10. Subsequent Events

        On July 10, 2003, Sepracor redeemed the remaining outstanding $111.9 million face value of its 7% convertible subordinated debentures due 2005 for aggregate cash consideration of $115.2 million, excluding accrued interest. This redemption resulted in the recording of a loss in other income of approximately $4.6 million, including the write-off of $1.3 million of deferred financing costs, in the third quarter of 2003.

9




ITEM 2.
MANAGEMENT'S DISCUSSION AND ANALYSIS OF FINANCIAL CONDITION
AND RESULTS OF OPERATIONS

        This Quarterly Report on Form 10-Q contains, in addition to historical information, forward-looking statements within the meaning of Section 21E of the Securities Exchange Act of 1934, as amended. These forward-looking statements involve risks and uncertainties and are not guarantees of future performance. Sepracor's actual results could differ significantly from the results discussed in such forward-looking statements. See "Factors Affecting Future Operating Results" below.

OVERVIEW

        Sepracor is a research-based pharmaceutical company dedicated to treating and preventing human disease through the discovery, development and commercialization of innovative pharmaceutical compounds. Sepracor's drug development program has yielded an extensive portfolio of pharmaceutical compounds that are focused on the treatment of respiratory, urology and central nervous system disorders. Sepracor's corporate headquarters are located in Marlborough, Massachusetts.

        The consolidated financial statements include the accounts of Sepracor Inc. ("Sepracor" or the "Company") and its wholly-owned subsidiaries, including Sepracor Canada Limited. Sepracor also has an investment in BioSphere Medical, Inc. ("BioSphere"), which it records under the equity method.

        On January 31, 2003, Sepracor submitted a New Drug Application (an "NDA") to the United States Food and Drug Administration (the "FDA") seeking clearance to market ESTORRA brand eszopiclone 2mg and 3mg tablets for the treatment of transient and chronic insomnia.
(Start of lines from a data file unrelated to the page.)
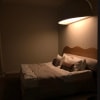 https://cdn-ostrovok-ru-ion.test.edgekey.net/t/100x100/hotel_review/68/40/6840885998e016582e0d37431fc8c00f544450c3.JPEG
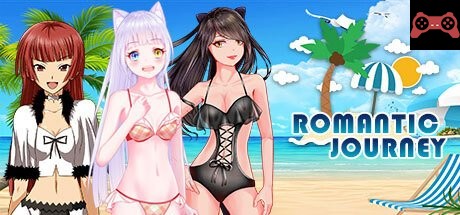 Romantic Journey System Requirements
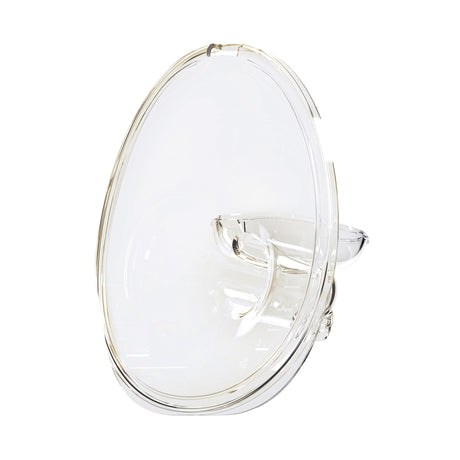 Téterelles Motion Inbra 24mm-Medela-ME2-101047598-CLÉMENT
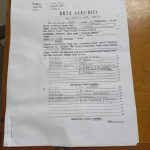 IMG-20230727-WA0080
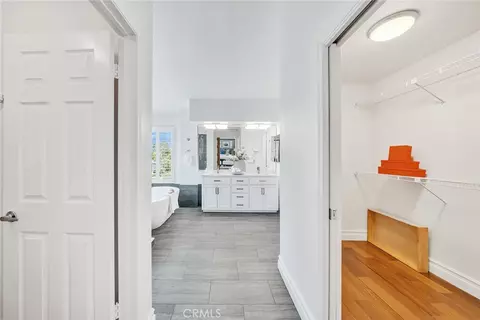 Other - 919 W 14th St, Upland, CA 91786 photo 12 of 23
On April 2, 2003, Sepracor announced that the FDA accepted for filing the NDA for ESTORRA. If the FDA issues an approvable letter for ESTORRA, Sepracor expects to expand its primary care sales force in anticipation of marketing ESTORRA to primary care physicians and psychiatrists, the principal prescribers of sleep medications. On April 17, 2003, Sepracor announced that it had been notified by the FDA that the Prescription Drug User Fee Act date for ESTORRA is November 30, 2003. This is the date by which the FDA is expected to have completed its review and act by making a decision on a drug application.

        In June 2002, Sepracor initiated a stock option exchange program for its employees, excluding members of the board of directors and officers, and filed a Schedule TO-I relating to such stock option exchange program with the Securities and Exchange Commission. Under the terms of this program, Sepracor agreed to grant to eligible employees six months and one day after Sepracor's acceptance of surrendered stock options a stock option to purchase one share of Sepracor common stock for every one share for which a surrendered stock option was exercisable. On July 17, 2002, Sepracor accepted for exchange stock options, held by certain employees of the Company, to purchase an aggregate of 4,268,542 shares of Sepracor common stock. On January 21, 2003, Sepracor issued new stock options to purchase an aggregate of 4,066,940 shares of common stock at an exercise price of $12.93, which was the closing price of Sepracor's common stock on January 21, 2003.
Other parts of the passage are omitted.